[Listed entries Boundary: Start]

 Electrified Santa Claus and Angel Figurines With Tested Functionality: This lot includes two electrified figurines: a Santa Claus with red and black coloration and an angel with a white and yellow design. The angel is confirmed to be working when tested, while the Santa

[Listed entries Boundary: End]
[Listed entries Boundary: Start]

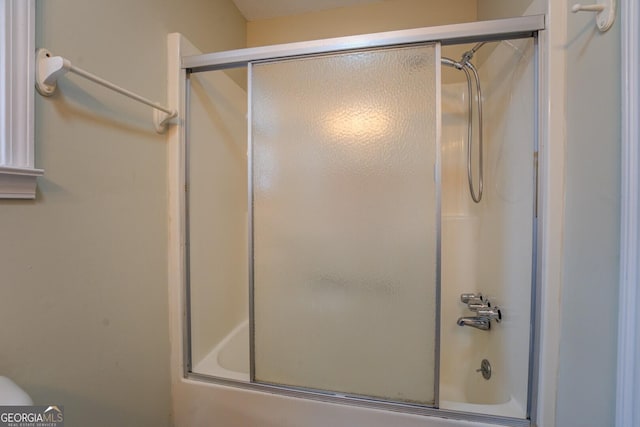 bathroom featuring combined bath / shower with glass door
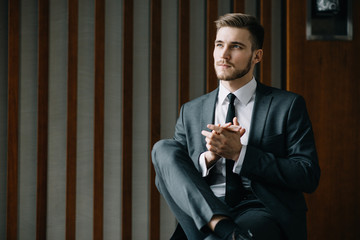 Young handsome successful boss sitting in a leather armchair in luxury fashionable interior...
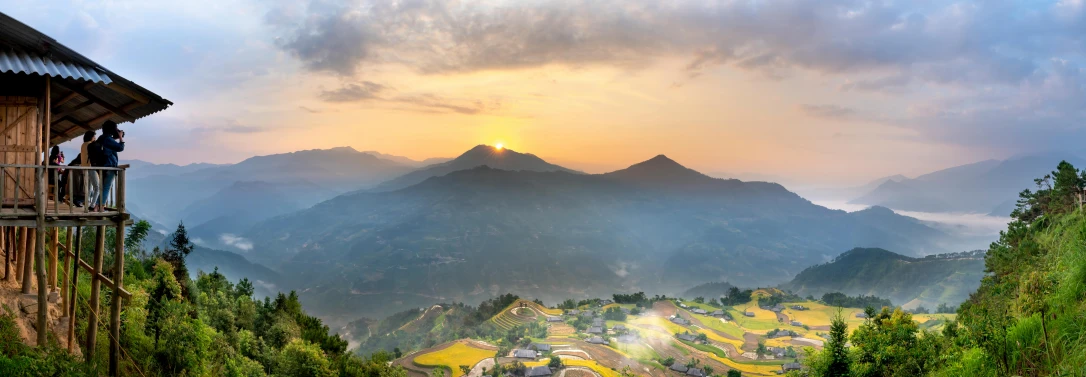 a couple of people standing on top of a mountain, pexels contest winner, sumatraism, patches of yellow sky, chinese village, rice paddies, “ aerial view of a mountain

[Listed entries Boundary: End]
[Listed entries Boundary: Start]

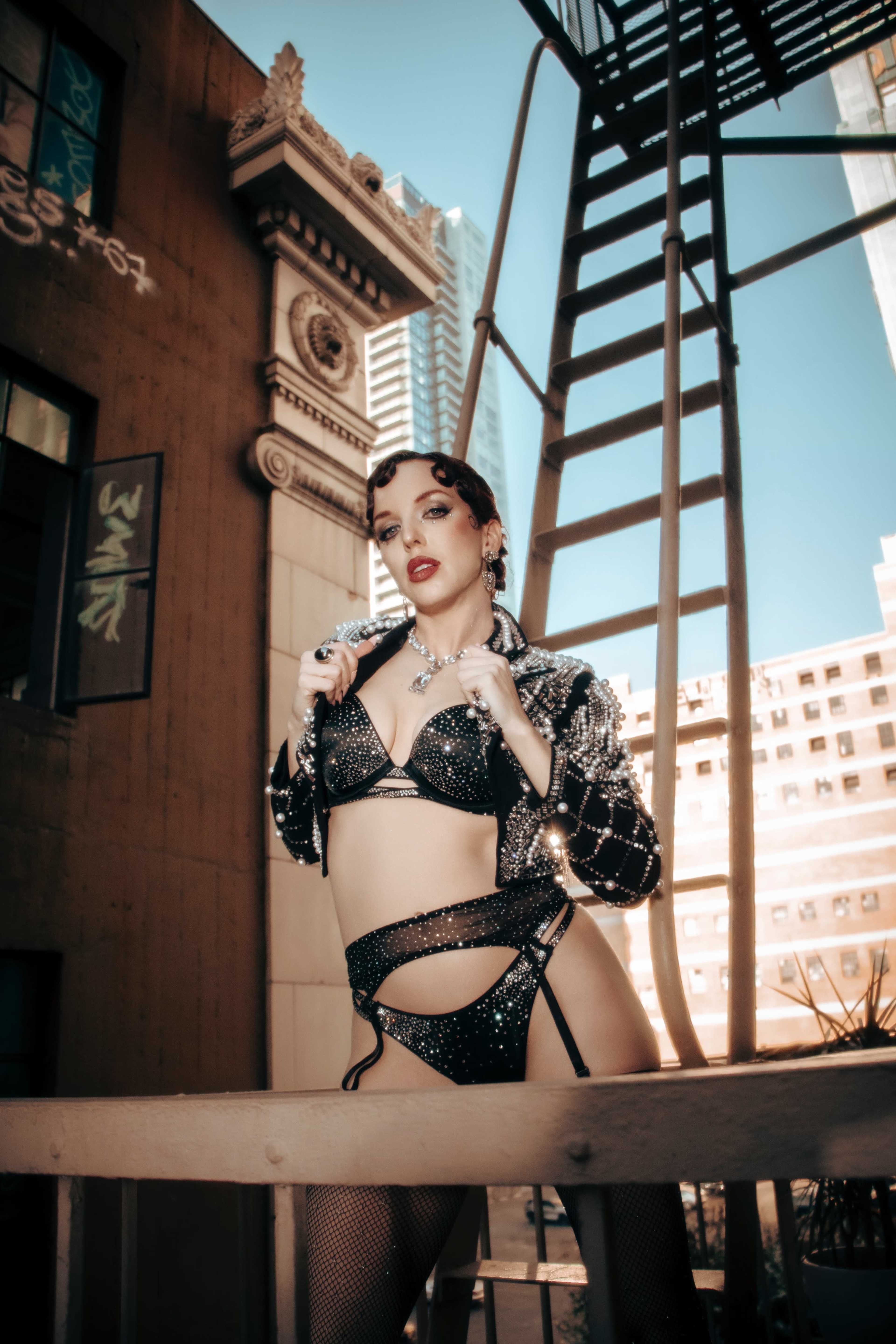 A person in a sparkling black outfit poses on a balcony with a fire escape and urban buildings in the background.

[Listed entries Boundary: End]

▶ Problem requirements: Please transcribe exactly the part of the records that opens with the line containing "Young handsome successful" and closes with the line containing "a couple of", both ends included, and leave out the pictures.

▶ Completed task:
 Young handsome successful boss sitting in a leather armchair in luxury fashionable interior...
 a couple of people standing on top of a mountain, pexels contest winner, sumatraism, patches of yellow sky, chinese village, rice paddies, “ aerial view of a mountain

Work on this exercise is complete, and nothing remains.